Writing on Twitter, Prime Minister Justin Trudeau said of Mr. Munk: "He was an immigrant who came to Canada with big dreams, surpassed them beyond any imagination, and shared his good fortune through historic philanthropy. Thank you, Peter Munk, for your enormous contributions to our country. You will be missed."
Toronto mayor John Tory said, "Peter Munk was a business legend. But more importantly, he was a legendary good citizen." And former Prime Minister Stephen Harper said, "His life serves as an inspiration for us all."
At the Peter Munk Cardiac Centre, messages of condolences poured in from employees and patients. Messages such as these: "My husband has had two major heart surgeries. This place has saved his life."
"Thank you for giving our mother a new lease on life.
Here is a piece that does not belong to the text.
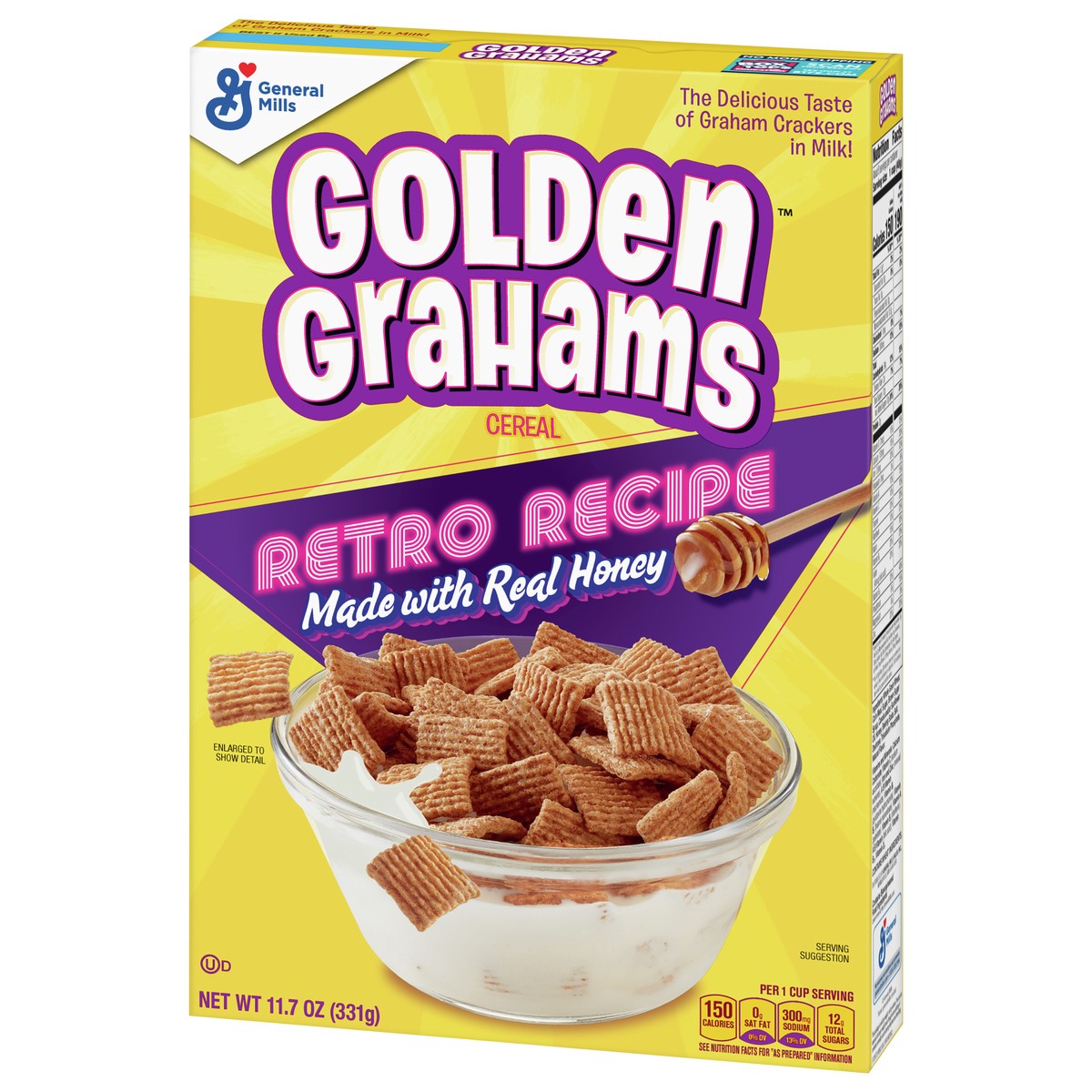 slide 2 of 9, Golen Grahams Breakfast Cereal, 11.7 oz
Without your generosity, that may not have been possible."
"My brother is here today thanks to the amazing care he received at the Peter Munk Cardiac Centre. Thank you so much, Peter Munk, for your contributions. You have helped the lives of so many."
At Toronto General Hospital in September 2017, giving what would be his closing public remarks on his philanthropic career, Mr. Munk echoed the same fierce resolve that characterized his entire life. "Please remember, we are not talking about charity," he said, referring to his many gifts to the Peter Munk Cardiac Centre. "We're talking about repaying a debt. That debt comes from the 14 people, including me, [who were] needy, with zero to offer, no skills, no money, nothing to contribute but with our hands out [asking] 'Please help us, please take us in, please look at us as human beings.' That was me, my father, my 87-year-old grandfather… .
"How can you thank me? It is for me to thank you. Every dollar I give, everything I have been able to offer, has been because I was taken into this country."